Source material Start Marker
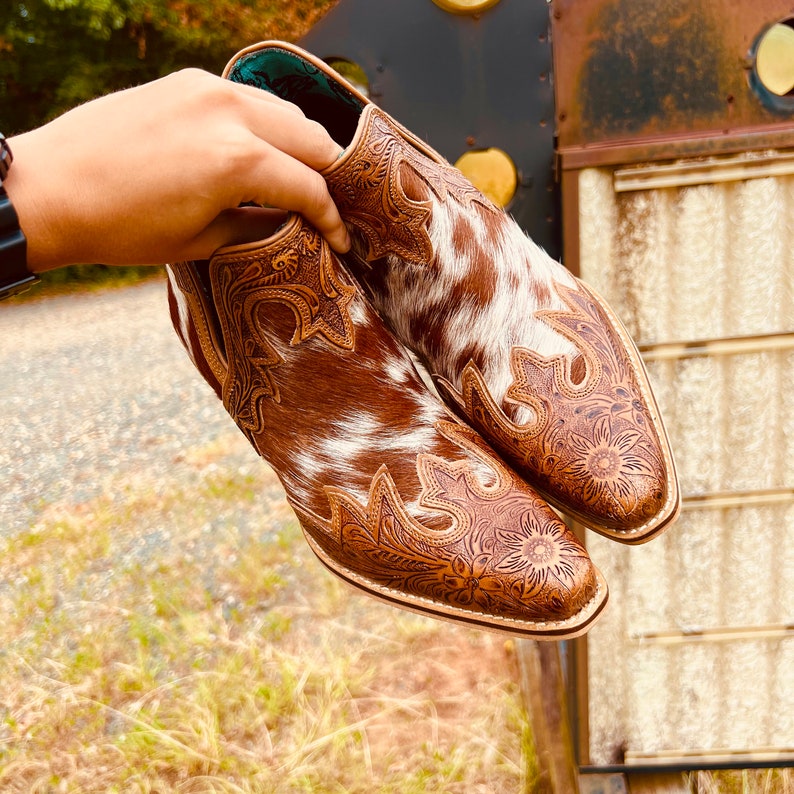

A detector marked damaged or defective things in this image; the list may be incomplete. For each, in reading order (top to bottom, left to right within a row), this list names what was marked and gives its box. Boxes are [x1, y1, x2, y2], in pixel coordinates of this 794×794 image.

rusty metal surface [552, 0, 794, 166]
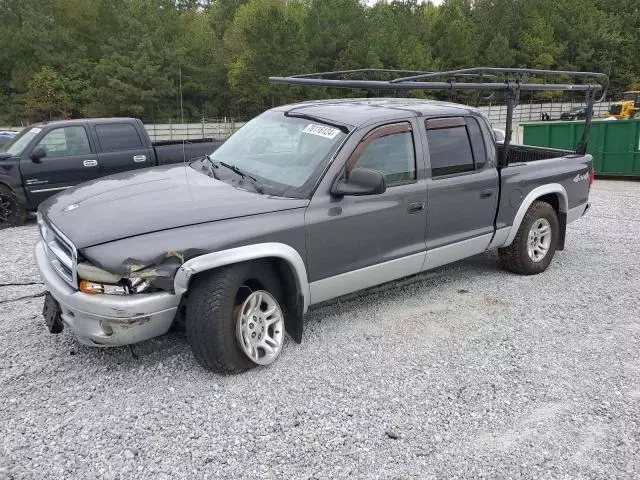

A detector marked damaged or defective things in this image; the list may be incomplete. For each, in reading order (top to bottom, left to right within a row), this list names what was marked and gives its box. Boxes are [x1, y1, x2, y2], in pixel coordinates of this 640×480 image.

damaged front bumper [35, 242, 181, 346]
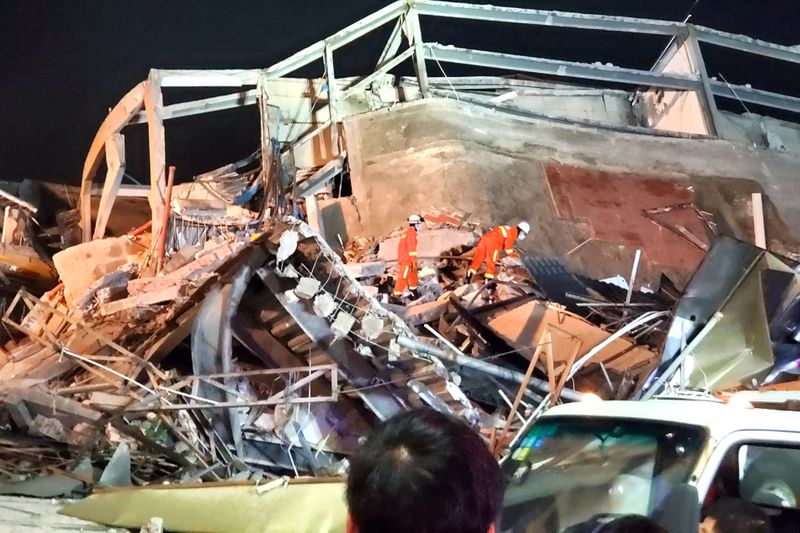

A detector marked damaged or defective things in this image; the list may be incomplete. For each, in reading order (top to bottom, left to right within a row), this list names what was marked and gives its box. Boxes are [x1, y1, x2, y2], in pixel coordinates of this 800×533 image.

broken concrete slab [54, 237, 145, 308]
broken concrete slab [378, 229, 478, 262]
Source material End Marker
What to produce —
Taking the line that contains "this 800×533 image." as the first and the last line of the material as the final one, transcribe that span exactly and include nothing else.

Result below —
A detector marked damaged or defective things in this image; the list may be incomplete. For each, in reading order (top to bottom, left to right within a row), this list names what was marked and gives its box. Boxes are [x1, y1, x2, y2], in pixel coordinates of this 800×533 image.

broken concrete slab [54, 237, 145, 308]
broken concrete slab [378, 229, 478, 262]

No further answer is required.